WORK REQUIRED: All of the entries must be reproduced exactly, with no images carried over.

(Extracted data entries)

__________________________________________________

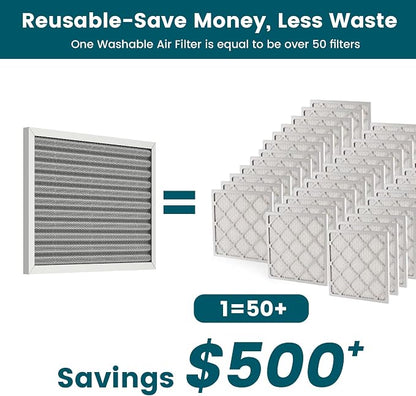 16x20x1 Air Filter-MERV 8, Washable & Reusable Electrostatic Air Filter - Image 2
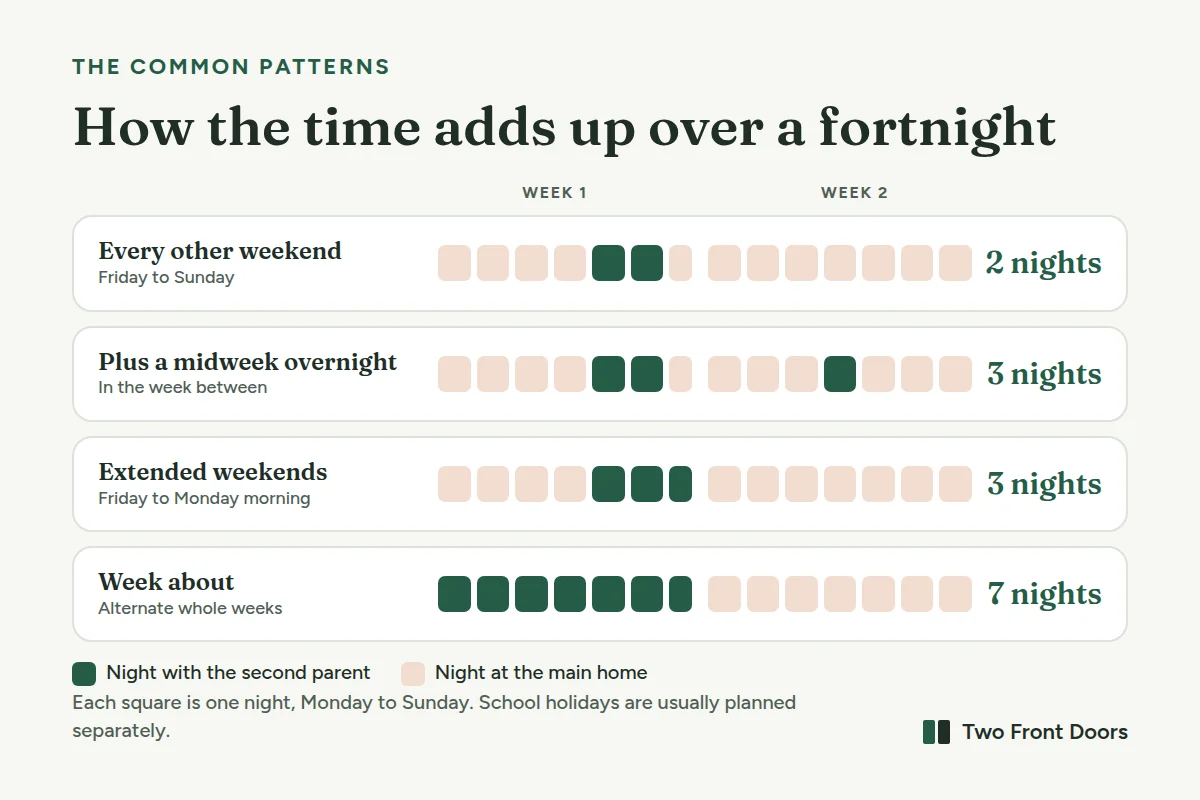 Common child arrangement patterns compared by nights with the second parent over a fortnight. Every other weekend: 2 nights. Every other weekend plus a midweek overnight: 3 nights. Extended weekends, Friday to Monday: 3 nights. Week about: 7 nights.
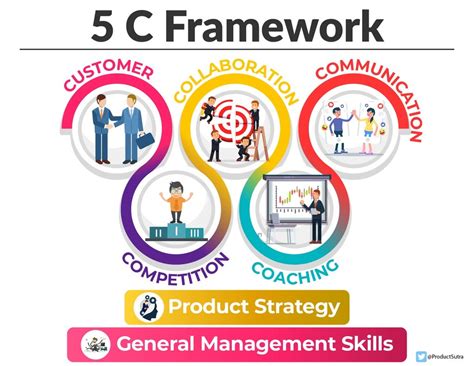 5c framework product management.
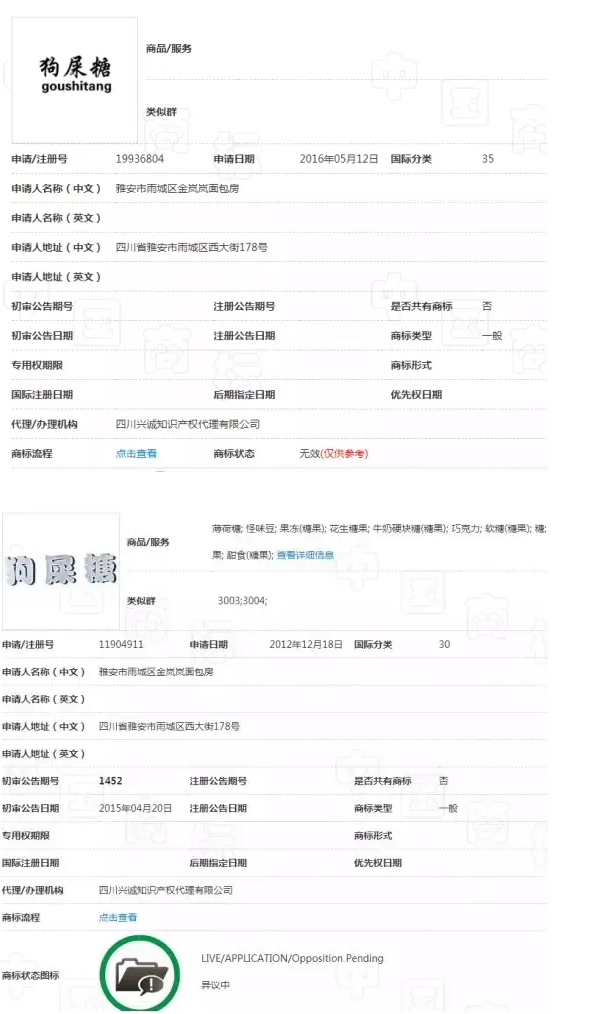 火了十年的“狗屎糖” 原來一直在“裸奔”？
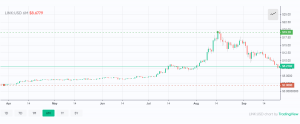 Chainlink Token Down 60% in Under 40 Days: Opponents Ask If the Bubble Has Finally Burst?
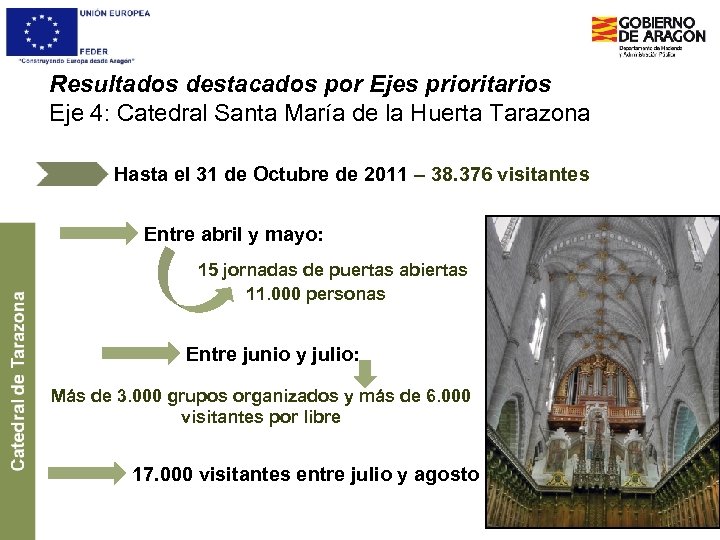 Resultados destacados por Ejes prioritarios Eje 4: Catedral Santa María de la Huerta Tarazona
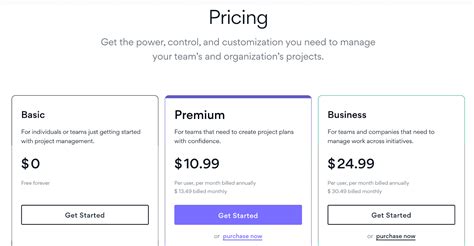 Pricing Strategy Guide 9 Types With Examples And How To Choose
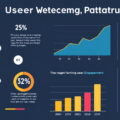 Unlocking Insights: A Deep Dive into Analyzing User Behavior Patterns for Enhanced Engagement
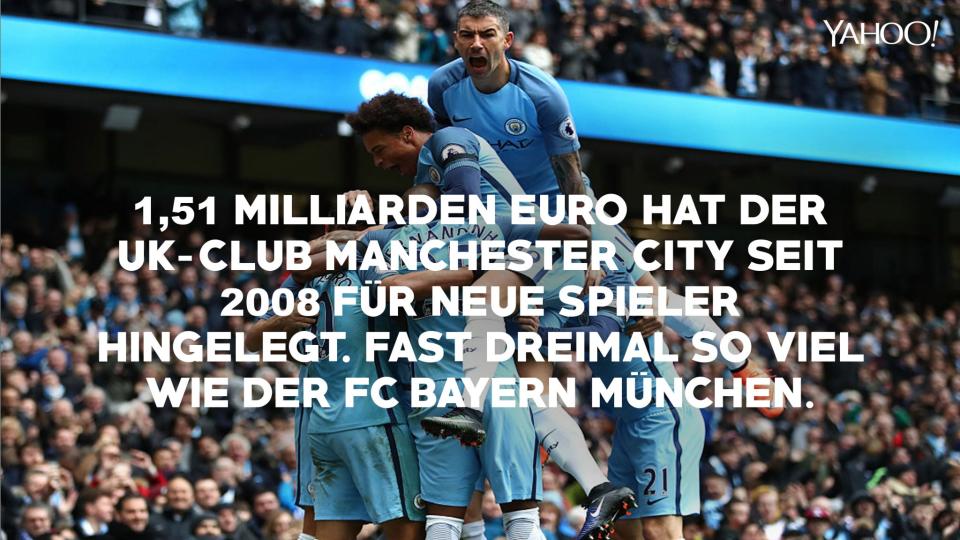 Manchester City: Ein Fußballverein im Kaufrausch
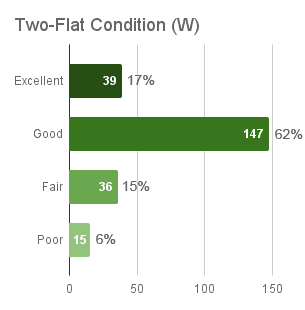 2-Flat Condition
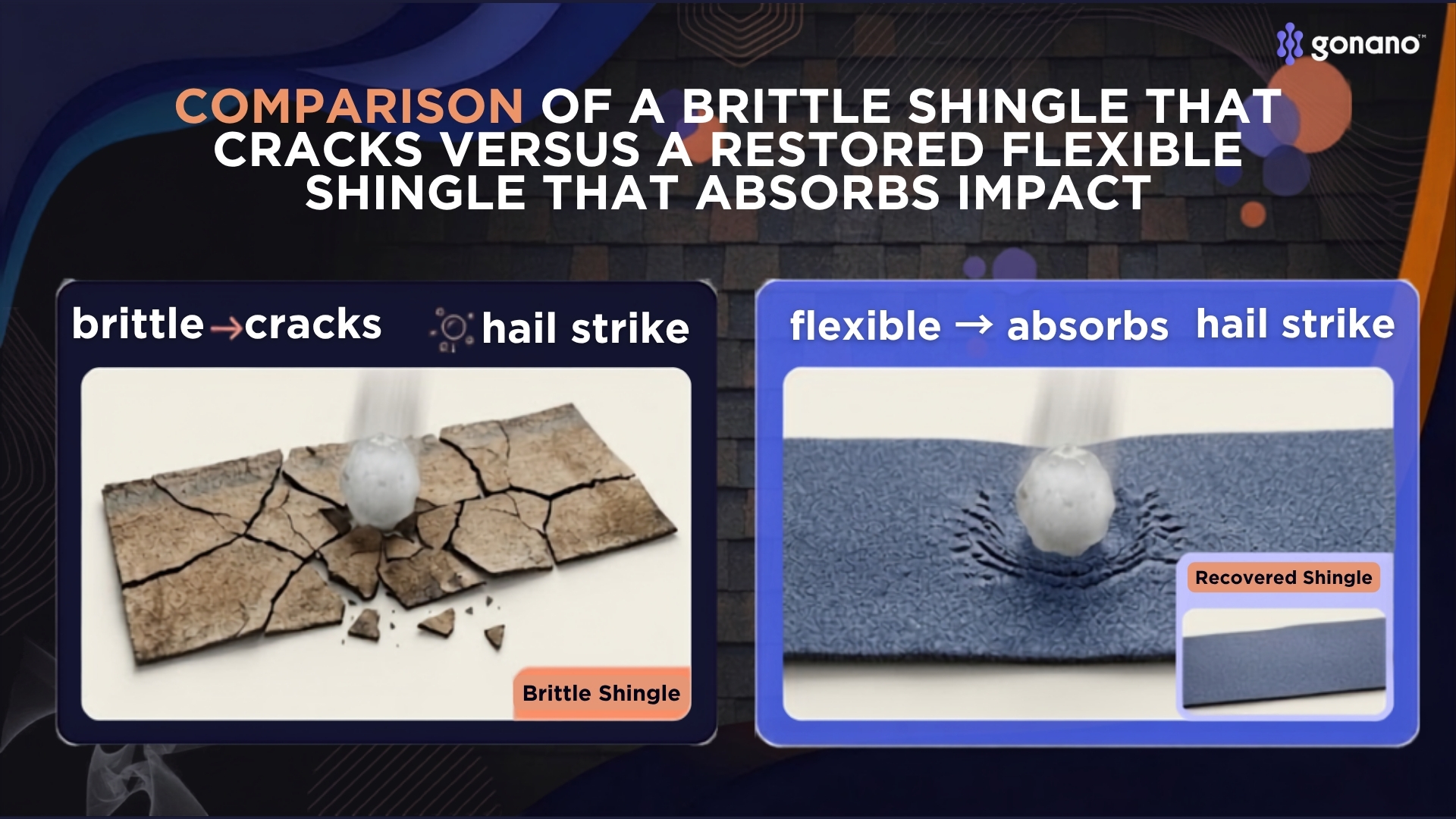 Comparison of a brittle shingle that cracks versus a restored flexible shingle that absorbs impact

__________________________________________________

OUTPUT BELOW:
 16x20x1 Air Filter-MERV 8, Washable & Reusable Electrostatic Air Filter - Image 2
 Common child arrangement patterns compared by nights with the second parent over a fortnight. Every other weekend: 2 nights. Every other weekend plus a midweek overnight: 3 nights. Extended weekends, Friday to Monday: 3 nights. Week about: 7 nights.
 5c framework product management.
 火了十年的“狗屎糖” 原來一直在“裸奔”？
 Chainlink Token Down 60% in Under 40 Days: Opponents Ask If the Bubble Has Finally Burst?
 Resultados destacados por Ejes prioritarios Eje 4: Catedral Santa María de la Huerta Tarazona
 Pricing Strategy Guide 9 Types With Examples And How To Choose
 Unlocking Insights: A Deep Dive into Analyzing User Behavior Patterns for Enhanced Engagement
 Manchester City: Ein Fußballverein im Kaufrausch
 2-Flat Condition
 Comparison of a brittle shingle that cracks versus a restored flexible shingle that absorbs impact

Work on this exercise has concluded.